NSO’s warranty year includes ongoing software updates and upgrades, as well as adding new features and capabilities, 24/7 proper functioning monitoring, and a 24-hour, 7-day, 365-day support center.

Facebook sues Israeli spyware NSO for allegedly hacking WhatsApp

Under the contract, NSO provides “assistance in operating, managing and configuring the system as well as resolving all technical malfunctions in the software.”.

Specific support mentions include how-to support, probably ongoing training in performing certain customer-facing tasks, working with the client to “replicate and restore issues” and “isolate, monitor, and correct operational issues.”

Customers who wish to contact NSO for technical support can do so by email (helpdesk@globalhelp.support), by phone (+ 44-20-3695-4101) or by Skype (NOC-HelpDesk).

This level of support clearly indicates that NSO does not work with a routine and forget method and that it has the ability to remotely connect to systems that operate its customers and gain deep access to their operations – which is necessary to provide effective support. NSO can know what its customers are doing with Pegasus, and there are probably quite a few cases where it also knew exactly what it was doing when it needed to provide support for certain faults.

NSO’s relationship with the customer does not end even at the end of the first warranty year. Under the contract, the Ghanaian government can extend the 12-month warranty period at a cost of 22% of the original contract amount, which is about $ 1.76 million for each additional warranty year. That is, it is likely that in many cases NSO’s relationship with clients, and therefore its knowledge of their operations, is ongoing.

Another part of the contract, as well as much of the promotional booklet, deals with Pegasus’ technical capabilities. The general lines of system capabilities – pumping all the information on the phone, real-time monitoring, remote camera or microphone capability – are already known, but the detailed information only clarifies the depth of control and capabilities of the software.

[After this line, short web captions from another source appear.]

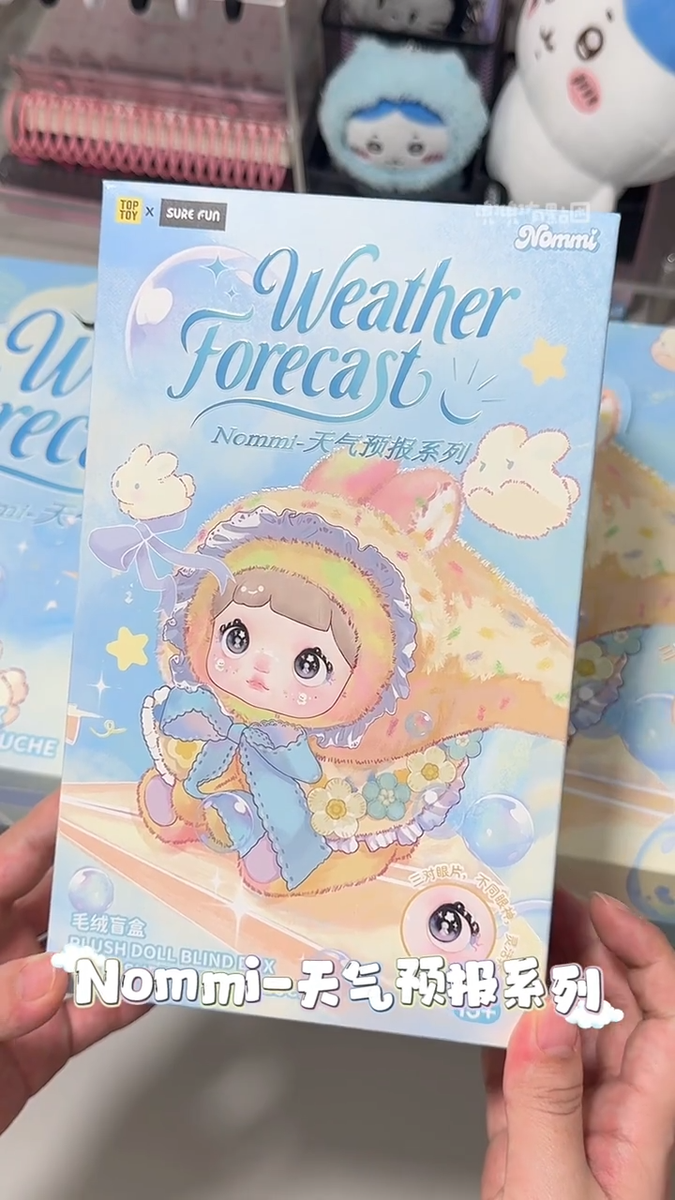 Nommi Weather Forecast Series Plush Pendant Toy Confirmed Blind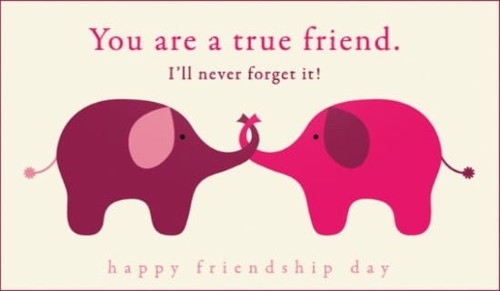 Friendship Day (8/7)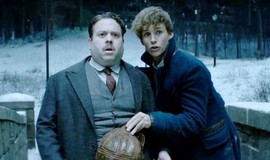 Fantastic Beasts and Where to Find Them: Comic-Con Trailer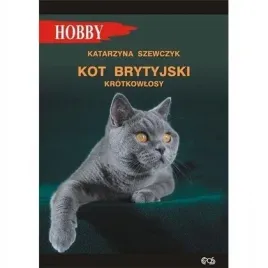 kot-brytyjski-krotkowlosy-w-4-egros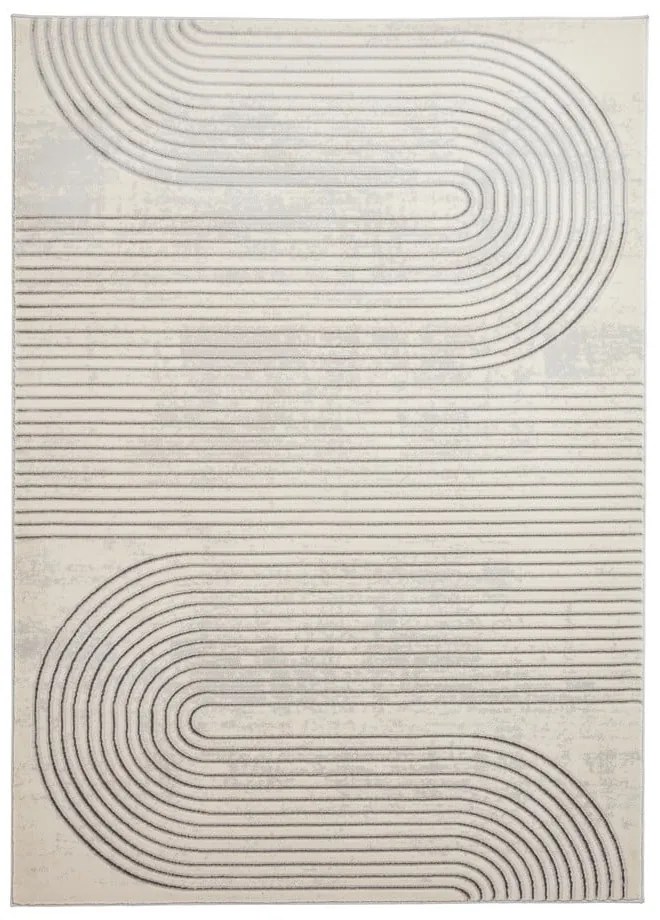 Covor gri/bej 220x160 cm Apollo - Think Rugs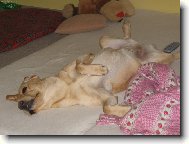 Tracy ve sv� obl�ben� poloze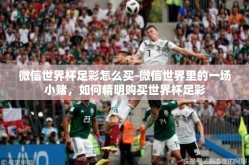 微信世界杯足彩怎么买-微信世界里的一场小赌，如何精明购买世界杯足彩
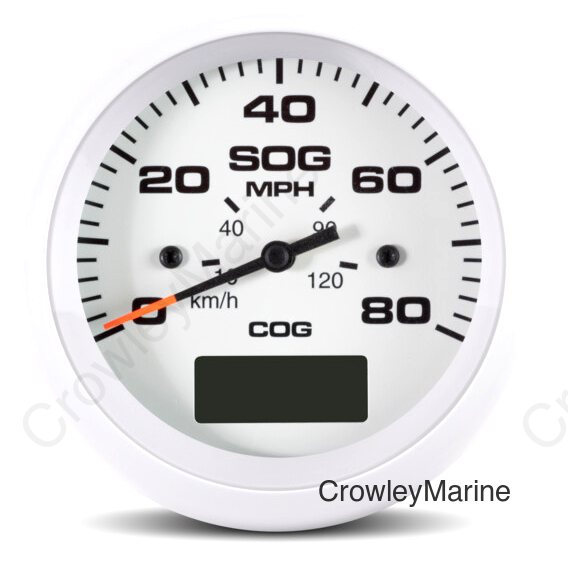 Speedo GPS, Arctic, 80 mph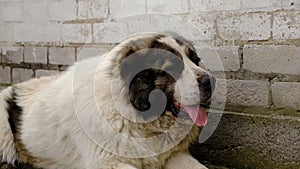 A large white dog lies with his tongue hanging out. Stuffy and hot for a big animal.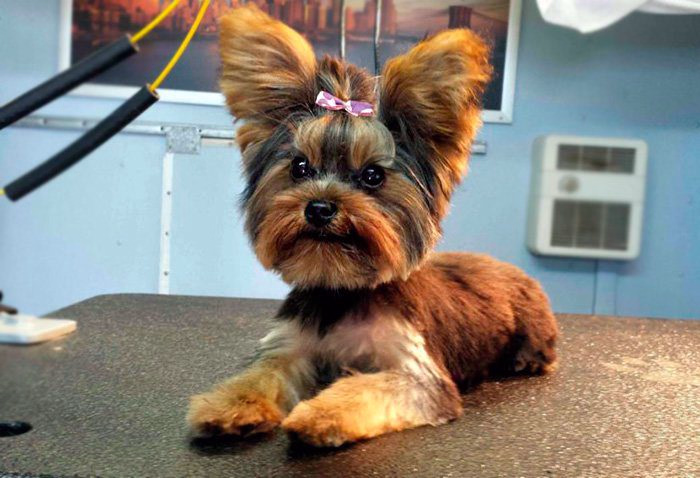 corte-de-pelo-bebe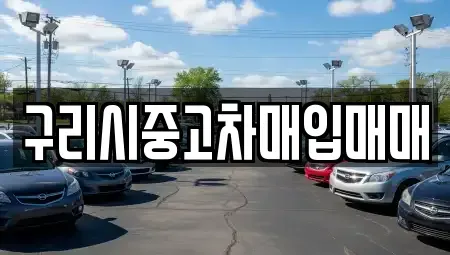 경기 남양주시 도농동 중고차매입 전문 구리시중고차매입매매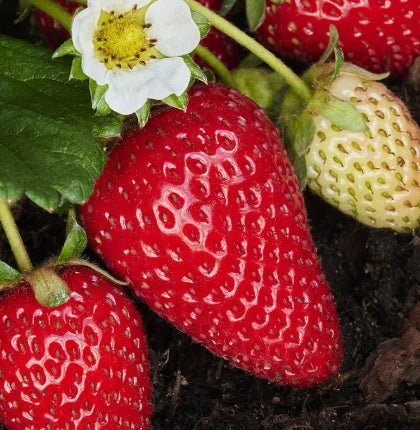 Berry, Strawberry 'Albion'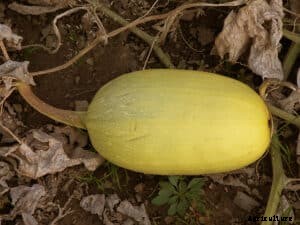 How to Grow Winter Squash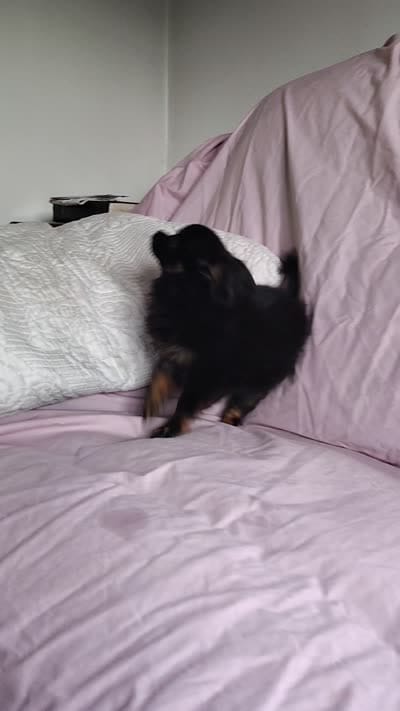 Bebe, a female Pomchi for sale in Pine Grove, PA – 10 of 10
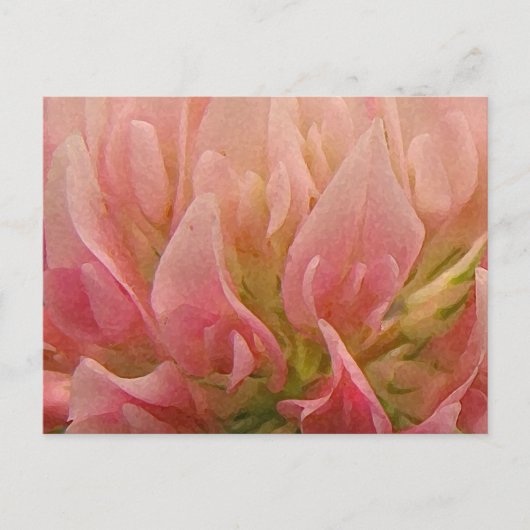 Rosa Klee Postkarte (Vorderseite)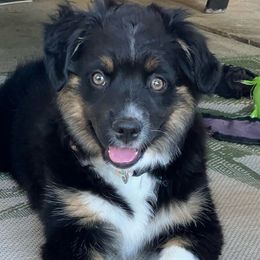 Chili - Australian Shepherd puppy from KMooreAussies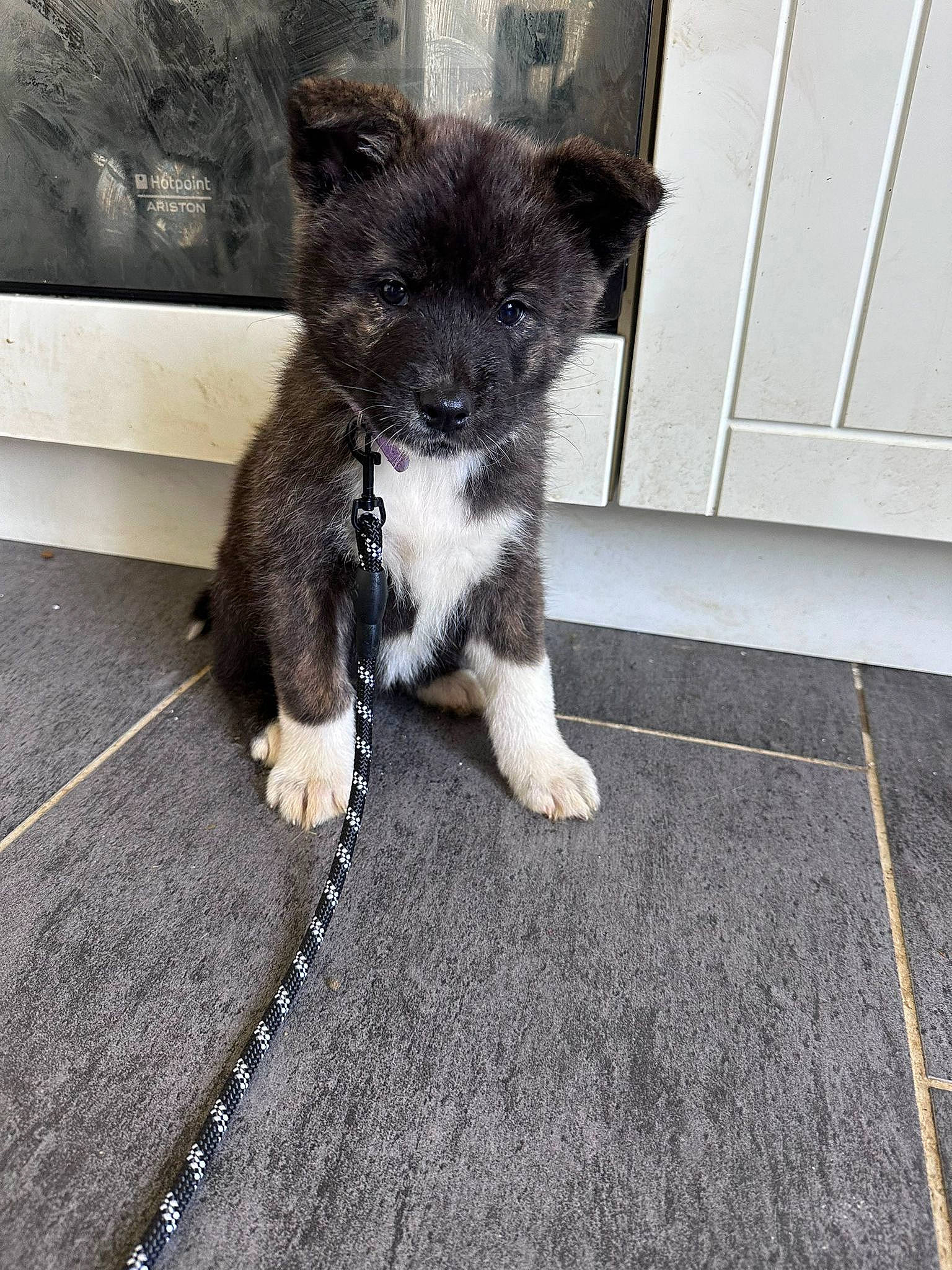 Kaiya a rejoint le concours — aidez-le/la à gagner de superbes lots ! asphalt, canidae, carnivore, companion_dog, dog, dog_breed, door, fawn, felidae, flooring, fur, paw, road_surface, snout, sporting_group, tail, terrestrial_animal, toy_dog, whiskers, working_animal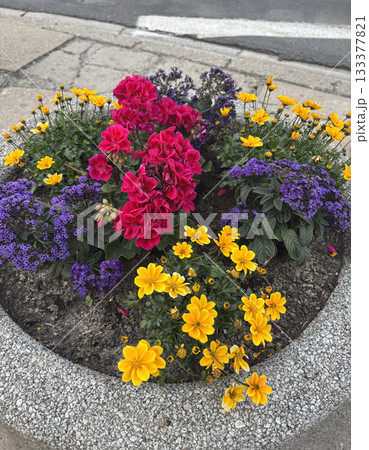 Bidens ferulifolia is a North American plant species in the family Asteraceae 133377821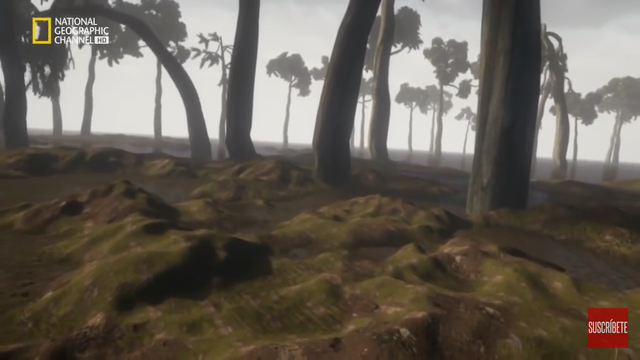 300 millones de años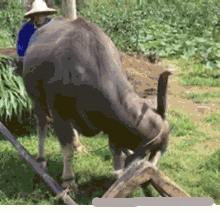 开心一笑每日一笑,笑一笑烦恼消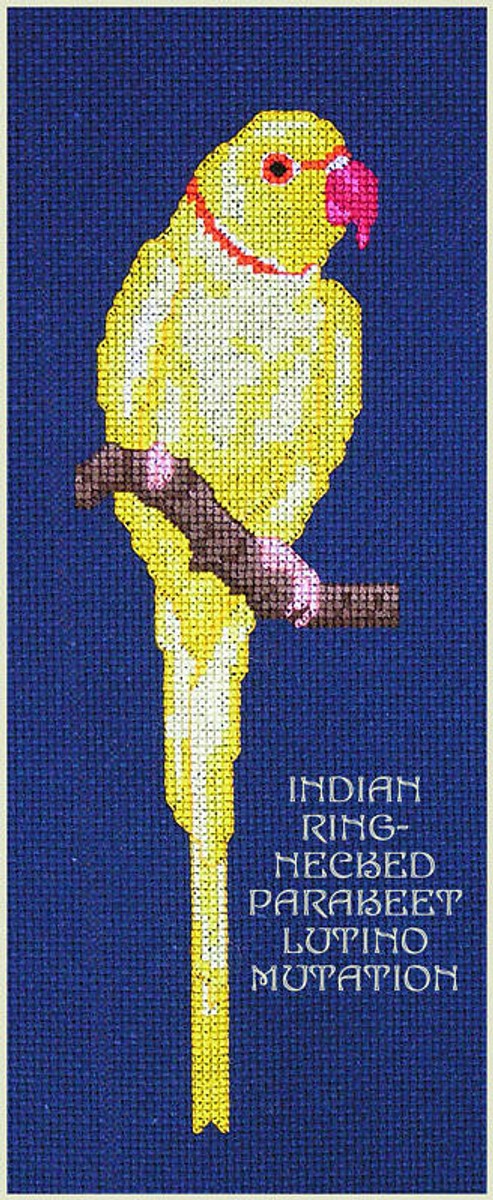 PARAKEET, BUDGIE, FINCH COUNTED CROSS STITCH PATTERNS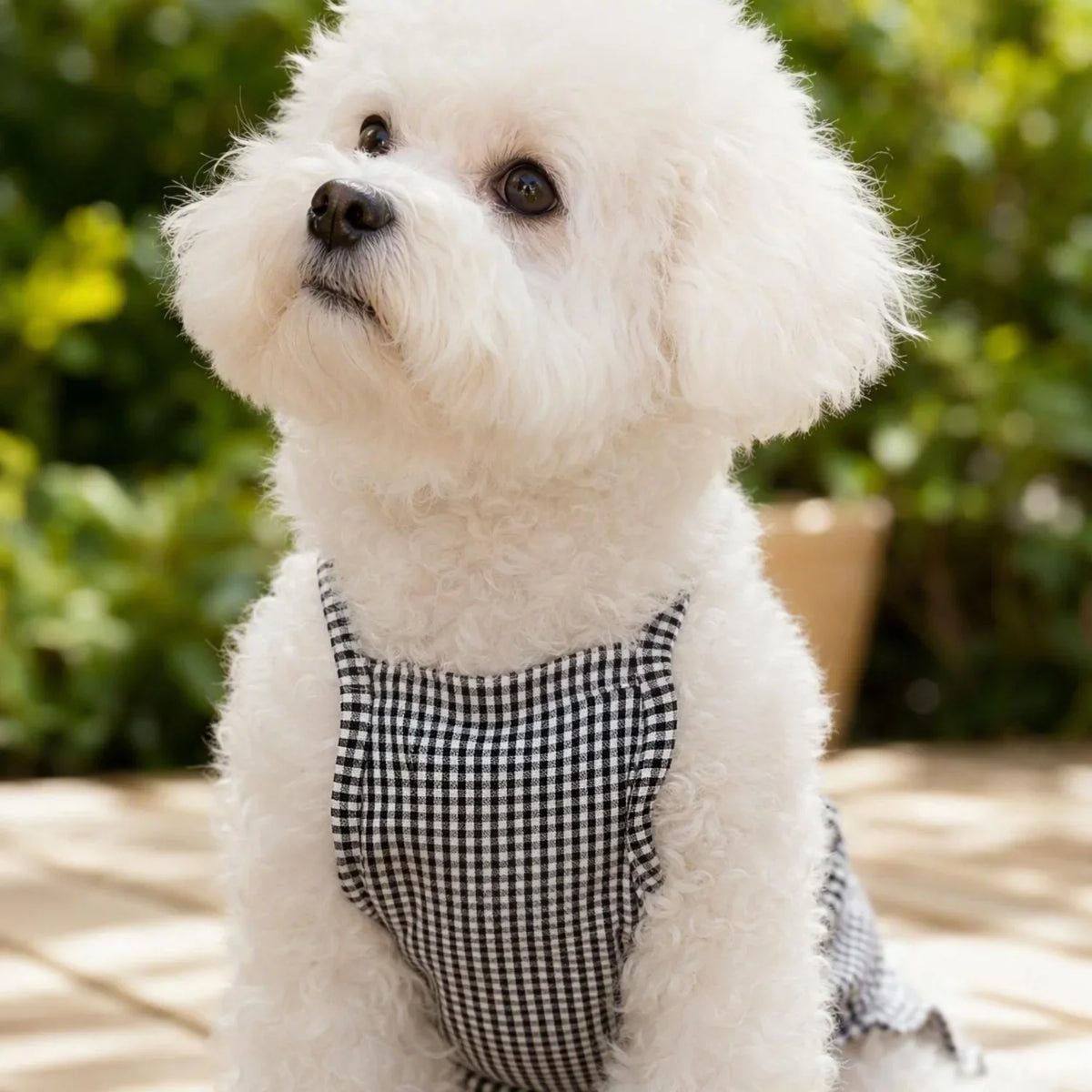 A fluffy white dog wearing a black and white checkered tank top, looking up.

Under the contract with Ghana, Pegasus can be run on iOS devices 7 to 9.1, Android devices 4 to 5, and BlackBerry 5 to 7.1. The contract indicates the speed of NSO’s response to new OS versions: iOS 9.1 was released on October 21, 2015, so the company was able to attach it to its capabilities in less than two months. On the other hand, version 9.2 launched on December 8 is not yet supported by the contract. The company’s response time, at least at that time, was between two and a half months.

“That goal won’t be suspicious”

As for the infection methods, at that time Pegasus could infect Android and BlackBerry devices by sending a malicious Push message and not requiring active user action. iPhones (as well as Android and BlackBerry), on the other hand, could only be pasted by a user clicking on a malicious link.

An investigation by the New York Times last year found documents suggesting the company sold Pegasus to the United Arab Emirates for at least $ 18 million, and another document that said the software was sold through a subsidiary in Cyprus for $ 11 million.